-- Source records follows --
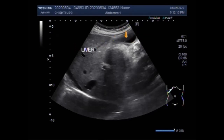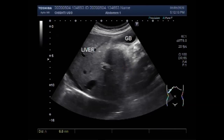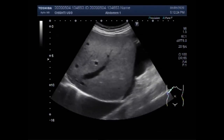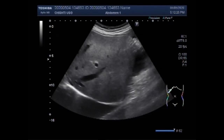You can see the liver. This is the gallbladder, and the gallbladder has a significant amount of echogenic sludge. The liver measures about 12.2 cm, which means that it is shrunken in size.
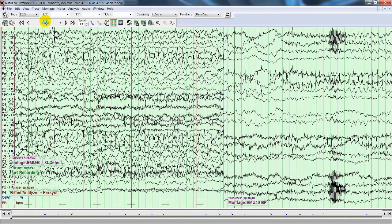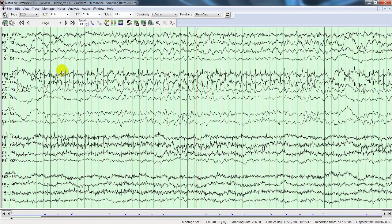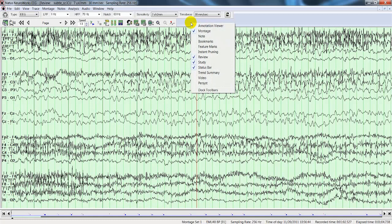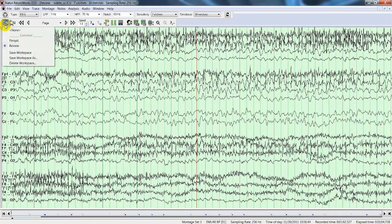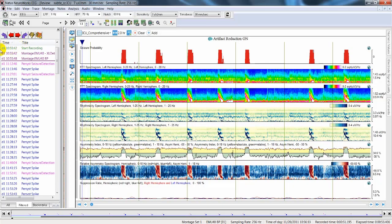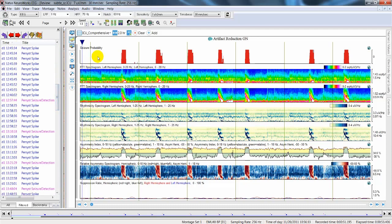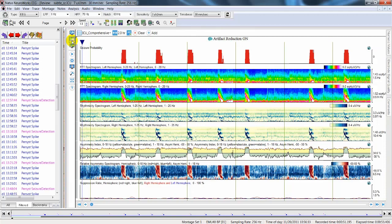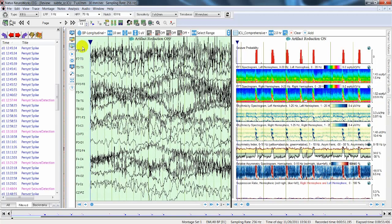The NeuroWorks review screen appears and shows us the recording montage. To open the Persyst view, you can right-click on the main toolbar and select Persyst, or click on the workspace icon on the left side and select the Persyst workspace previously created. The layout is composed of the annotation viewer on the left side where all events are displayed, and the Persyst view where you can choose to display the EEG view, the trend view, or both.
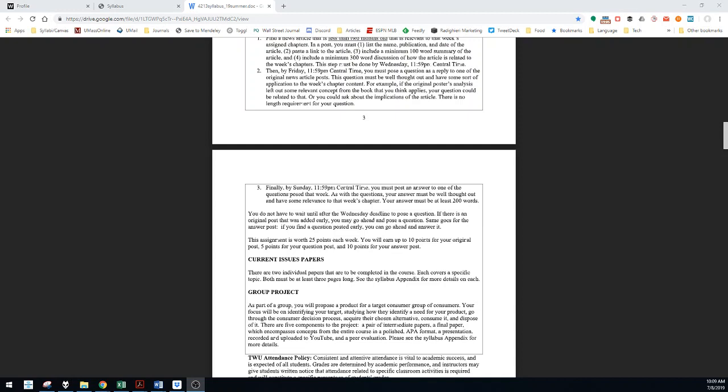So that's it. This should give you some skills in searching for articles and applying information from the chapter to articles and get some dialogue going within the course.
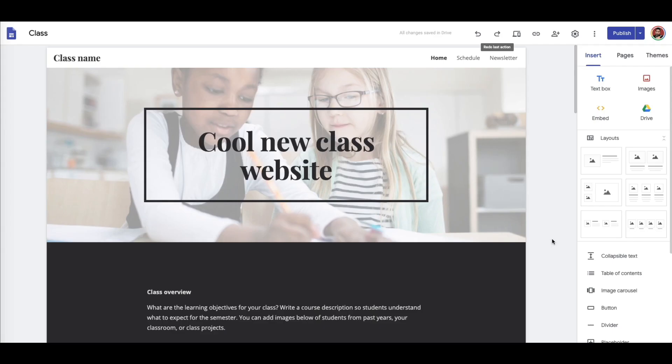All right, teachers, now that you have this really cool new class website, this is how you can password protect it so that you can add pictures and other things onto your website and not have to worry about it being out in the public.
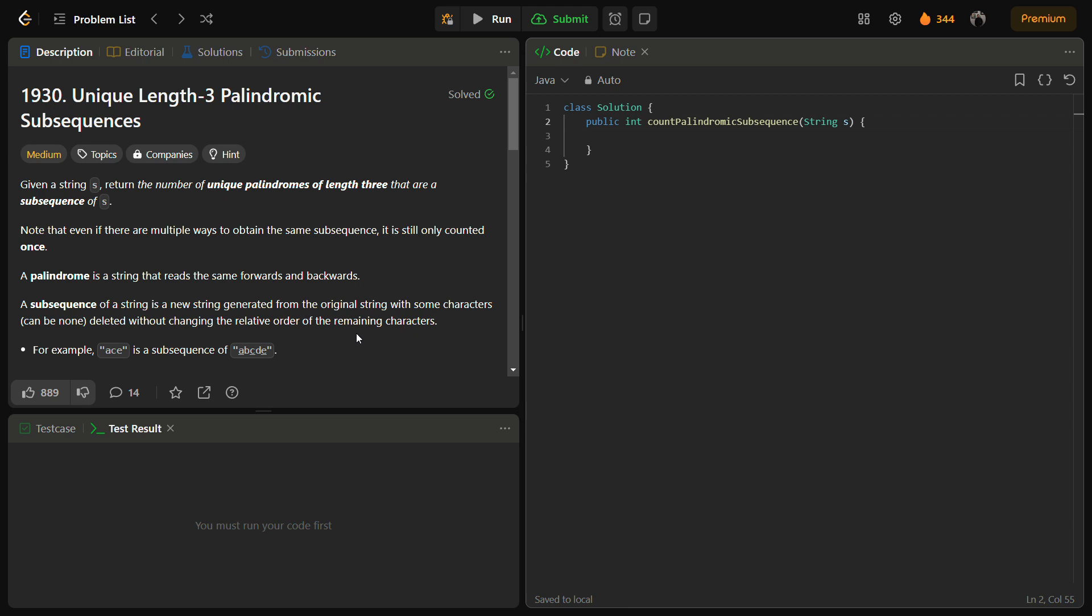So let me tell you about the problem. The problem asks you to count the number of unique palindromes of length 3 that are subsequences of the given string s. To count these palindromes, we can iterate through the string finding the first and last character occurrences of each character and checking the characters in between, and then we can return the answer.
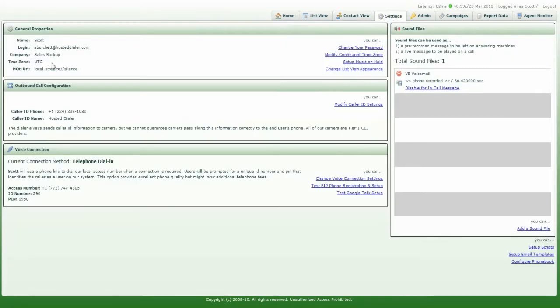In the Settings tab, on the left hand side, you can see what your time zone is here. The default setting is UTC time, which is Greenwich Mean Time.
-- Source records concluded --
**Work item**: In case the records contain pictures, keep those out and repeat the rest exactly.

**Written response**:
You can see the liver. This is the gallbladder, and the gallbladder has a significant amount of echogenic sludge. The liver measures about 12.2 cm, which means that it is shrunken in size.
The NeuroWorks review screen appears and shows us the recording montage. To open the Persyst view, you can right-click on the main toolbar and select Persyst, or click on the workspace icon on the left side and select the Persyst workspace previously created. The layout is composed of the annotation viewer on the left side where all events are displayed, and the Persyst view where you can choose to display the EEG view, the trend view, or both.
So that's it. This should give you some skills in searching for articles and applying information from the chapter to articles and get some dialogue going within the course.
All right, teachers, now that you have this really cool new class website, this is how you can password protect it so that you can add pictures and other things onto your website and not have to worry about it being out in the public.
So let me tell you about the problem. The problem asks you to count the number of unique palindromes of length 3 that are subsequences of the given string s. To count these palindromes, we can iterate through the string finding the first and last character occurrences of each character and checking the characters in between, and then we can return the answer.
In the Settings tab, on the left hand side, you can see what your time zone is here. The default setting is UTC time, which is Greenwich Mean Time.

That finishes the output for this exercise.